Now, let's answer the questions using the Venn diagram:
(a) To calculate the total number of candidates who sat for the examination, we need to find the sum of all the regions in the Venn diagram. The diagram shows that there are 17 candidates who offered all three subjects, 21 candidates who offered Biology and History only, 22 candidates who offered History and Mathematics only, and no information is given about the Biology and Mathematics overlap.
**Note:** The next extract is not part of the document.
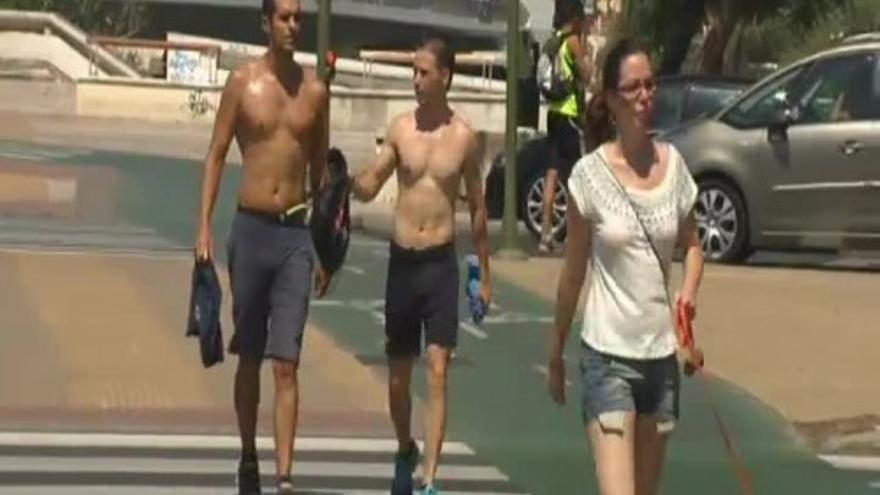 Llega el calor veraniego con temperaturas que rozan los 40 grados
However, we know that the total number of candidates who offered Biology alone is 52, History alone is 60, and Mathematics alone is 96. Therefore, to get the total number of candidates, we add all these values:
Total = (B only) + (H only) + (M only) + (B, H) + (H, M) + (B, M) + (B, H, M)
Total = 52 + 60 + 96 + 21 + 22 + unknown + 17
(b) To find the number of candidates who offered only one subject, we add up the values in the "B only," "H only," and "M only" regions:
Candidates offered only one subject = (B only) + (H only) + (M only)
(c) To find the number of candidates who offered two subjects, we add up the values in the "B, H," "H, M," and "B, M" regions:
Candidates offered two subjects = (B, H) + (H, M) + (B, M)
Unfortunately, without knowing the value of the "B, M" region, we cannot give an exact answer to parts (b) and (c).